** Opening Information supplied block **

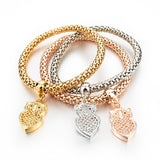 Ethnic Love Heart Charm Bracelets For Women Gold Silver Crystal Chain Bracelets & Bangles With Pendants 
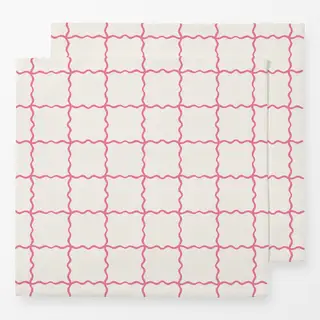 Servietten White Pink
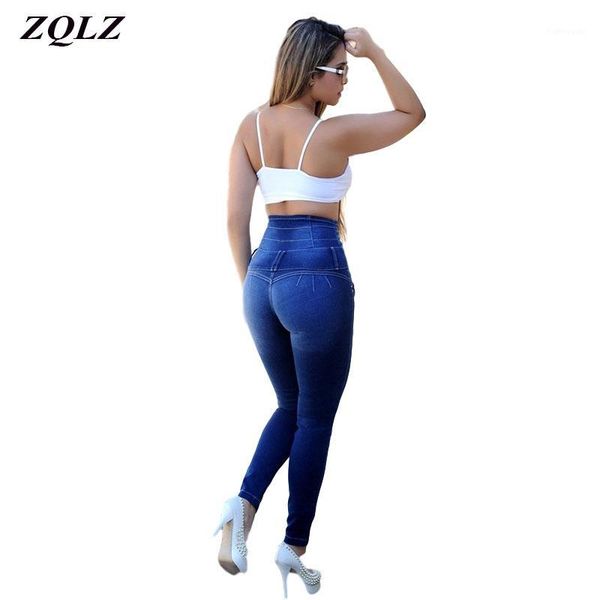 

zqlz women high waist denim trousers slim fitted casual black blue skinny stretchy buttons high street jeans streetwear pants1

** Closing Information supplied block **

§ Directions:
Return the listing above in full and exactly, omitting all pictures.

§ Written solution:
 Ethnic Love Heart Charm Bracelets For Women Gold Silver Crystal Chain Bracelets & Bangles With Pendants 
 Servietten White Pink

zqlz women high waist denim trousers slim fitted casual black blue skinny stretchy buttons high street jeans streetwear pants1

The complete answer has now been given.